Brief descriptive captions
*** Begin section ***










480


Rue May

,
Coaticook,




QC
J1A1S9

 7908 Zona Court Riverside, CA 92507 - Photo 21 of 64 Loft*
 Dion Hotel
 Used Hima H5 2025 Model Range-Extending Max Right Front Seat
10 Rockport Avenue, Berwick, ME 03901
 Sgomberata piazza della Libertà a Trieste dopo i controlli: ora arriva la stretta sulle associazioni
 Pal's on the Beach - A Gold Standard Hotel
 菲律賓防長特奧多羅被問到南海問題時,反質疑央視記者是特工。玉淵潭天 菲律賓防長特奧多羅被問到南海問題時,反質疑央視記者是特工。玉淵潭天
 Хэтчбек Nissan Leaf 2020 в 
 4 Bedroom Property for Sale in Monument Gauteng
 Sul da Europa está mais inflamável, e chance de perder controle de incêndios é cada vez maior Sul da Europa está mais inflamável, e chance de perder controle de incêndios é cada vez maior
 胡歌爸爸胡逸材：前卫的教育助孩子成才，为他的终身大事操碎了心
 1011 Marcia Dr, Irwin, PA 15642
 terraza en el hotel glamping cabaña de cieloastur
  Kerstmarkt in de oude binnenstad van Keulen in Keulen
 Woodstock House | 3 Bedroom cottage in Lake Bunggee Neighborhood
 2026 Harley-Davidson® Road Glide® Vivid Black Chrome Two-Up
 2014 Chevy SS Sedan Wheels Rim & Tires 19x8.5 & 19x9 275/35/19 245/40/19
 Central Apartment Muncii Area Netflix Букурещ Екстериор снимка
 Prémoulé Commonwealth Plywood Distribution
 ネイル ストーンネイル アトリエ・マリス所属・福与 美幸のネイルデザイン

*** End section ***

### Requirement:
Using the data above, reproduce exactly the lines from the line that contains "Pal's on the Beach - A Gold Standard Hotel" through the line that contains "2026 Harley-Davidson® Road", including both.

### Answer box:
 Pal's on the Beach - A Gold Standard Hotel
 菲律賓防長特奧多羅被問到南海問題時,反質疑央視記者是特工。玉淵潭天 菲律賓防長特奧多羅被問到南海問題時,反質疑央視記者是特工。玉淵潭天
 Хэтчбек Nissan Leaf 2020 в 
 4 Bedroom Property for Sale in Monument Gauteng
 Sul da Europa está mais inflamável, e chance de perder controle de incêndios é cada vez maior Sul da Europa está mais inflamável, e chance de perder controle de incêndios é cada vez maior
 胡歌爸爸胡逸材：前卫的教育助孩子成才，为他的终身大事操碎了心
 1011 Marcia Dr, Irwin, PA 15642
 terraza en el hotel glamping cabaña de cieloastur
  Kerstmarkt in de oude binnenstad van Keulen in Keulen
 Woodstock House | 3 Bedroom cottage in Lake Bunggee Neighborhood
 2026 Harley-Davidson® Road Glide® Vivid Black Chrome Two-Up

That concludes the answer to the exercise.